Литмир - Электронная Библиотека
A
A

Впрочем, удивительная Милейн печется отнюдь не только о ближайших и не только о присутствующих в данный момент. На ее письменном столе громоздятся призывы о помощи от родных и друзей на пяти континентах. Даже Оффи и Офей стали в конечном итоге детьми, требующими забот. Оба престарелые, Офей почти девяностолетний, Оффи немногим моложе, живут все еще в Мюнхене; после лишения гражданства зятя у них в наказание отобрали паспорта. Увидит ли когда-нибудь Милейн дорогую чету стариков? Из последнего свидания, накануне отъезда в Америку, ничего не получилось. По ту сторону немецкой границы сидели старики, вооруженные бумагой, которая давала им право на посещение Швейцарии.

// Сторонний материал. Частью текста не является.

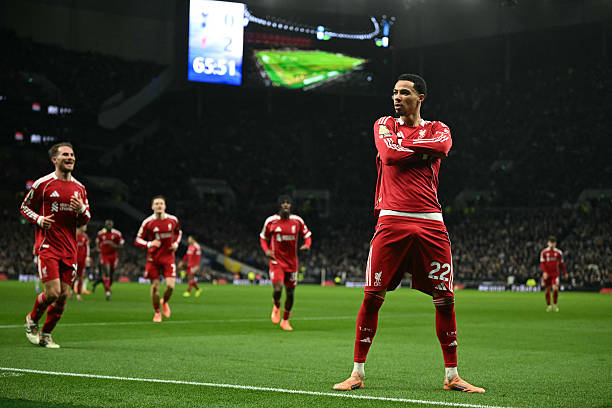 Liverpool's French striker #22 Hugo Ekitike strikes a pose as he celebrates scoring their second goal for 0-2 during the English Premier League football match between Tottenham Hotspur and Liverpool at the Tottenham Hotspur Stadium in London, on December 20, 2025. (Photo by JUSTIN TALLIS / AFP via Getty Images) / RESTRICTED TO EDITORIAL USE. No use with unauthorized audio, video, data, fixture lists, club/league logos or 'live' services. Online in-match use limited to 120 images. An additional 40 images may be used in extra time. No video emulation. Social media in-match use limited to 120 images. An additional 40 images may be used in extra time. No use in betting publications, games or single club/league/player publications. /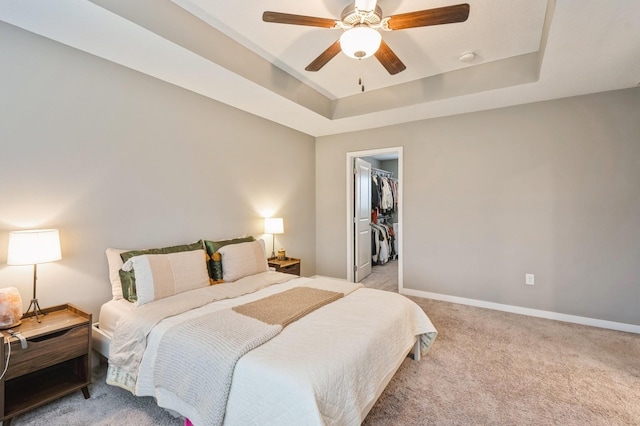 1085 Juniper Dr, Carlisle, IA 50047 - bedroom with a raised ceiling, light colored carpet, baseboards, a walk in closet, and ceiling fan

Нацистские стражи не посчитались с этим. «Наша дочь! — кричал почти девяностолетний. — Она ждет нас в Крейцлингене там, по ту сторону, за шлагбаумом. Пустите нас к ней, только на полчаса!» Но стражи лишь пожимали плечами: «Ну так пусть она и приходит, если вы ей важны! Пусть едет в Германию, ваша дочь!» Это было бы концом Милейн. На счастье ее и наше, она не пошла в ловушку. Но родного скрипучего голоса отца, серебристого смеха матери она, вероятно, больше не услышит; хоть бы удалось двум старцам переехать в Швейцарию до начала войны… Милейн надеется и ждет.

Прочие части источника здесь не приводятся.